DİNDE NAZARIN YERİ NEDİR?
Pazar, 20 Mart 2016 00:00

DİNDE NAZARIN YERİ NEDİR?*

Cevap: Nazar vardır. Bazı insanların bakışları etkili olabilir. Bunun çaresi dua etmek, Allah’a sığınmaktır. Abdullah ibn Ab-bâs’ın rivayetine göre de Allah’ın Elçisi (s.a.v.), Hasan ile Hü-seyn’e nazar değmemesi için: “E’ûzu bi kelimâtillâhittâmmeti min kulli şeytânin ve hâmmetin ve min kulli aynin lâmmeh: Her türlü şeytandan, zararlı şeylerden ve kem gözlerden bütün kelimeleri yüzü hürmetine Allah’a sığınırım” duâsıyla Allah’a sığınırdı” Hz. Ayşe’nin, nazar değmesine tedâvî olarak: nazar değen kimsenin abdest alıp nazar değmiş olanın, ötekinin abdest suyu ile yıkanmasını söylediği rivayet edilmiştir. Hasanı Basrî’den gelen rivayete göre de göz değmesinin çaresi, Kalem Suresi’nin 51-52. âyetlerini oku­maktır:

“Ve in yekâdûllezîne keferû leyuzlikuneke bi ebsârihim lemmâ semiûzzikre ve yekulune innehu lemecnûn ve mâ huve illâ zikrun lilâlemîn: O inkâr edenler Zikr(Kur'ân)'ı işittikleri zaman, neredeyse seni gözleriyle devireceklerdi. ‘O mecnundur’ diyorlardı. Hâlbuki o, âlemler için uyarıdan başka bir şey değildir!”

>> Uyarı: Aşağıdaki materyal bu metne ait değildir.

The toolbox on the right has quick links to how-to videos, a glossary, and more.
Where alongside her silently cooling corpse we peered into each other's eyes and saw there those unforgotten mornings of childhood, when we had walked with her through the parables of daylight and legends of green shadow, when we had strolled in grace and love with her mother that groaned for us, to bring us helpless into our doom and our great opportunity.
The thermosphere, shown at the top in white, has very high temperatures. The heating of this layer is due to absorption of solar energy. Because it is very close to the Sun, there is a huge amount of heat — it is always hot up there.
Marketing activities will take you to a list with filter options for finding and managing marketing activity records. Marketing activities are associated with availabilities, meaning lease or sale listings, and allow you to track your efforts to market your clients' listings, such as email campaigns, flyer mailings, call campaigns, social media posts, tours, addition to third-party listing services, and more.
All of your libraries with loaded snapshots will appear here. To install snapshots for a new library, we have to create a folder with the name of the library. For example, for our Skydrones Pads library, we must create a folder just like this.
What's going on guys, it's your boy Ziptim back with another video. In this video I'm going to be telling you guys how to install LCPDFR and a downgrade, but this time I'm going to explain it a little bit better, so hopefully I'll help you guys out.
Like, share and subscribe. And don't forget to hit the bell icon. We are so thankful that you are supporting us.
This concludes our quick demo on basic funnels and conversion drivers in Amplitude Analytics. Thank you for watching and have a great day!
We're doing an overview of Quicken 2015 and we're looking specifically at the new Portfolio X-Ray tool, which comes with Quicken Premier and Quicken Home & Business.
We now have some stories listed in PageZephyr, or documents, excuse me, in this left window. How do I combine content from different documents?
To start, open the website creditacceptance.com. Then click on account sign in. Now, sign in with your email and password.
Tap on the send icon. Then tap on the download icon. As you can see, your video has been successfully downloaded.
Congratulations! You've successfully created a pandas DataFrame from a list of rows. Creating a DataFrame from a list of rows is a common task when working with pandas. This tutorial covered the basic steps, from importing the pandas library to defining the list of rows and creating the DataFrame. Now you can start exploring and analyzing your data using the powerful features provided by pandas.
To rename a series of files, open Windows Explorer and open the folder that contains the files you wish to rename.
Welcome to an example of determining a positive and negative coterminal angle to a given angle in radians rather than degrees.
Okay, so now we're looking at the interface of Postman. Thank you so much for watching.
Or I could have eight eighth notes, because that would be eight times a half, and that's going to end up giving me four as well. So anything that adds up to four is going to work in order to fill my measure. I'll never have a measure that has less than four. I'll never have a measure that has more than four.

Nazar hakkında Hz. Peygamber’den aktarılan bu tür duâlar vardır ama nazar için birtakım aletler kullanmak, okunmuş sıcak taşları hastanın yüzüne koymak gibi şeyler batıl inançtır.

Felak Suresi’nin sözgeliminden, Bakara: 102’nci âyetten ve sağlam hadislerden büyünün ve göz değmesinin bir gerçek olduğu anlaşılmak­tadır. Yüce Allah: “De ki: 'Rabbim, şeytanların dürtüklemelerinden sana sığınırım ve onların bana uğramalarından sana sığınırım'." âyetinde şeytanların dürtüklemelerinden, uğramalarından Allah'a sığınılması em­re­dil­mektedir. Peygamber (s.a.v.) bazı hastalıklara bazı âyetler, özellikle İhlâs, Felak ve Nâs surelerini okuduğu gibi, ağrıyan yere elini koyup yedi kere: “Allah'ın adıyla; bulduğum ve kurtulmak istediğim ağrıdan Allah'ın izzet ve kudretine sığınırım" derdi.

Hz. Ayşe şöyle demiştir: "Peygamber (s.a.v.), âilesinden birini (has­ta halde) görünce, onu sağ eliyle mesheder (sağ elini hastaya sürer): ‘Allah'ım, ey insanların Rabbi, hastalığı gider, bu kuluna şifa ver, şifa veren sensin. Senin hiçbir hastalık bırakmayan şifandan başka şifa yoktur!’ derdi."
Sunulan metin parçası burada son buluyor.